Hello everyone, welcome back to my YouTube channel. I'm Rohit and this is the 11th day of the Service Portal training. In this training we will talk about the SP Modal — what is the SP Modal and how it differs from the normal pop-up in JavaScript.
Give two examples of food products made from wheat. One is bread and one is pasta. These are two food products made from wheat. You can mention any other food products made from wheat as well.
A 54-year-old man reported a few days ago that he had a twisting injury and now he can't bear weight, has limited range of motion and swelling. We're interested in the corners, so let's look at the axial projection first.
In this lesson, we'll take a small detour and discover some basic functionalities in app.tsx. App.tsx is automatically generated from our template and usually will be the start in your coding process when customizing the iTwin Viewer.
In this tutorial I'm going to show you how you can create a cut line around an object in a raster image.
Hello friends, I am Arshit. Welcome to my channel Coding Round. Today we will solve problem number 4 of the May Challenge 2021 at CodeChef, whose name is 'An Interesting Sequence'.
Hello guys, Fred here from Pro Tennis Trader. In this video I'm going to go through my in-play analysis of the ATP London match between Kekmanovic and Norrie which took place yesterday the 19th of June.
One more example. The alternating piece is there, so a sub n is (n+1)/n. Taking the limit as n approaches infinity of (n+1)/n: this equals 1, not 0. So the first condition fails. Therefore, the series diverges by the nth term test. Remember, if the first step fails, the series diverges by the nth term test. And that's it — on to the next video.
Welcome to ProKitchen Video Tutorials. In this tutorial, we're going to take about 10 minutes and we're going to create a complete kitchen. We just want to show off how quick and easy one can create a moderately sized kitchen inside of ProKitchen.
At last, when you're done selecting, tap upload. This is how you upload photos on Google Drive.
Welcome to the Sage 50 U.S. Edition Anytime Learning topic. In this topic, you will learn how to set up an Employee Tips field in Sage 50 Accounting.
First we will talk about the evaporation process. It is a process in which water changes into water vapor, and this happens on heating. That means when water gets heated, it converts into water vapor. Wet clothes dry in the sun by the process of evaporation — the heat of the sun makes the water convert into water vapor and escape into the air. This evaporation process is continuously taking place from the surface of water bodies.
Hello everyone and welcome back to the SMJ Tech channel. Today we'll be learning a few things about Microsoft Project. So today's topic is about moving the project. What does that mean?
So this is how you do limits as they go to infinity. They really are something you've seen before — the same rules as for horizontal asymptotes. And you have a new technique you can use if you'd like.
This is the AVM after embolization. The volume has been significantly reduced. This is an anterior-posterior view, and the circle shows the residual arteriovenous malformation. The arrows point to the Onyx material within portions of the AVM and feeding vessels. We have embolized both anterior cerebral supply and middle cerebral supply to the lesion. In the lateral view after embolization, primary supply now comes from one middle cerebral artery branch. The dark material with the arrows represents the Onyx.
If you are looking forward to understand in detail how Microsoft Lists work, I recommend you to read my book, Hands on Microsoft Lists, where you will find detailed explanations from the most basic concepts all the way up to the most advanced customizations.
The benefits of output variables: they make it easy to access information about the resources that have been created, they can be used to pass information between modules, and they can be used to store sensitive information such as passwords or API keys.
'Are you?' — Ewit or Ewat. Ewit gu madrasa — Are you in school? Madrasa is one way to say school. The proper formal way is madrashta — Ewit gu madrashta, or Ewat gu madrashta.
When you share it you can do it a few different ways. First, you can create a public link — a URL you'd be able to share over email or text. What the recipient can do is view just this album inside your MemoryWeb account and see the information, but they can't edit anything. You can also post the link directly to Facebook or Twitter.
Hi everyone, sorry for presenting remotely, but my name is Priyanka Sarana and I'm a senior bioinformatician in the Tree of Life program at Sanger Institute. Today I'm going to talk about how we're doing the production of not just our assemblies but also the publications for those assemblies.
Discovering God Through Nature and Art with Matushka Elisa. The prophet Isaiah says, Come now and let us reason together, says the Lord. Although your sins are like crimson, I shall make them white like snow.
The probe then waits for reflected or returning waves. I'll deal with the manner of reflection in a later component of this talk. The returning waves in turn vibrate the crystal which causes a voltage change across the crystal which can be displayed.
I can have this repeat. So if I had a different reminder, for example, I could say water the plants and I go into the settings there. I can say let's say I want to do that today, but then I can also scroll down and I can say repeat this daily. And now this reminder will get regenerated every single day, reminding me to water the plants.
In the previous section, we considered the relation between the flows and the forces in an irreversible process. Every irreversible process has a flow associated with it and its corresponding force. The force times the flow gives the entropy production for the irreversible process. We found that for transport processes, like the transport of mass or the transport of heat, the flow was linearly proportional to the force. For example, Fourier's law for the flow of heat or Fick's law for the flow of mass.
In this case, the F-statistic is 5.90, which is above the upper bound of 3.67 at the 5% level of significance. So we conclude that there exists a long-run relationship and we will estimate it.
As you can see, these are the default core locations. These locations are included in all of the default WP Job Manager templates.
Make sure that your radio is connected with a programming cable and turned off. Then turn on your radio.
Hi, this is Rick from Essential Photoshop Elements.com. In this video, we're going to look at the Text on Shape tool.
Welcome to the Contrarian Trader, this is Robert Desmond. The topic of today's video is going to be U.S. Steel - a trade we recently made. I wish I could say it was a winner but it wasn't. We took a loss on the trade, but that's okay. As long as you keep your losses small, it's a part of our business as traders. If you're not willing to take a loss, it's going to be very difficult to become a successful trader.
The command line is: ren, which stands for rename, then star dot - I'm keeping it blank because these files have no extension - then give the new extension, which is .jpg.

***

▶ TASK INSTRUCTIONS:
List every line above that holds the word "want".

▶ ANSWER TO THIS EXERCISE:
Welcome to ProKitchen Video Tutorials. In this tutorial, we're going to take about 10 minutes and we're going to create a complete kitchen. We just want to show off how quick and easy one can create a moderately sized kitchen inside of ProKitchen.
I can have this repeat. So if I had a different reminder, for example, I could say water the plants and I go into the settings there. I can say let's say I want to do that today, but then I can also scroll down and I can say repeat this daily. And now this reminder will get regenerated every single day, reminding me to water the plants.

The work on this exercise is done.